Precisely why I was in one for four years...teachers went on strike in BC like clockwork for as long as I can remember.  They even (conveniently some would say) went out just before the very first load of provincial exams required for HS graduation were to be set, so only the kids in private school got to write their exams for that set.

I can remember getting into it with one of my kids' teachers about him "needing" a calculator in Grade 8, when he still wasn't fully able to give me change for something simple...I once asked him what a quarter was (as in the fraction) and he told me 25 cents.

MM


----------



## The Bread Guy (16 Nov 2016)

And it's now apparently gone ...


> The B.C. Teachers' Federation (BCTF) has pulled controversial posters from its website that called on teachers to take an active stance against recruitment by the Canadian Armed Forces.
> 
> The posters were created in 2010 in response to concerns about the federal government's recruiting methods at the time, according to a spokesperson for the teachers' union.
> 
> ...


Here's an online petition calling for the handout to be pulled that's mentioned in the article
https://www.change.org/p/bc-teachers-federation-bctf-retract-your-insulting-social-justice-publication


----------



## SeaKingTacco (16 Nov 2016)

I got a response to my email of concern to the BCTF, from their President. 

To paraphrase: it is all Harper's fault.

Apparently they believe that in 2010, the PM had nothing better to do with his time than to personally meddle in our recruiting ads. And make aggressive war. So the BCTF was forced to counter campaign. But since he is no longer PM, it is no longer an issue. Or something.   :


----------



## McG (16 Nov 2016)

Public schools have no business inculcating religious belief or political ideology.  Both topics are the exclusive prerogative of parents/guardians ... and I say that knowing some parents are compeatly unqualified to discuss either topic.


----------



## daftandbarmy (16 Nov 2016)

SeaKingTacco said:
			
		

> I got a response to my email of concern to the BCTF, from their President.
> 
> To paraphrase: it is all Harper's fault.
> 
> Apparently they believe that in 2010, the PM had nothing better to do with his time than to personally meddle in our recruiting ads. And make aggressive war. So the BCTF was forced to counter campaign. But since he is no longer PM, it is no longer an issue. Or something.   :



It's OK... come the revolution....


----------



## MilEME09 (17 Nov 2016)

MCG said:
			
		

> Public schools have no business inculcating religious belief or political ideology.  Both topics are the exclusive prerogative of parents/guardians ... and I say that knowing some parents are compeatly unqualified to discuss either topic.

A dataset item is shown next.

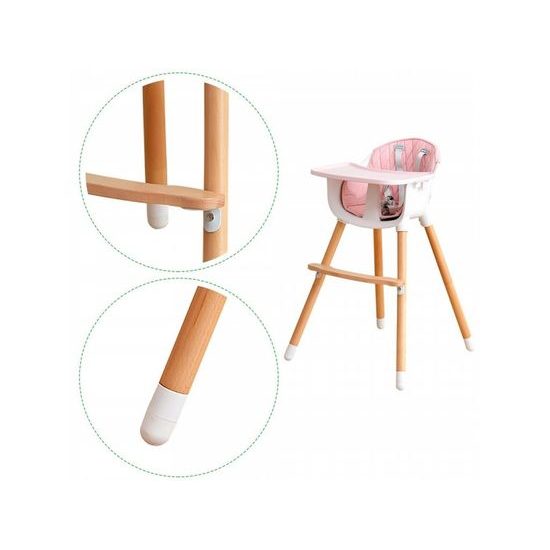 Ecotoys dřevěná jídelní židlička 2v1 růžová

I agree, teachers are there to educate kids, if a students has a interest in the armed forces, then they as educators have the responsibility to give the student information to make an informed decision regardless of their own political, moral, or religious beliefs. If the cannot then they should not be in charge of our children at all.


----------



## blacktriangle (17 Nov 2016)

SeaKingTacco said:
			
		

> I got a response to my email of concern to the BCTF, from their President.
> 
> To paraphrase: it is all Harper's fault.
> 
> Apparently they believe that in 2010, the PM had nothing better to do with his time than to personally meddle in our recruiting ads. And make aggressive war. So the BCTF was forced to counter campaign. But since he is no longer PM, it is no longer an issue. Or something.   :



Wow. Just sad.


----------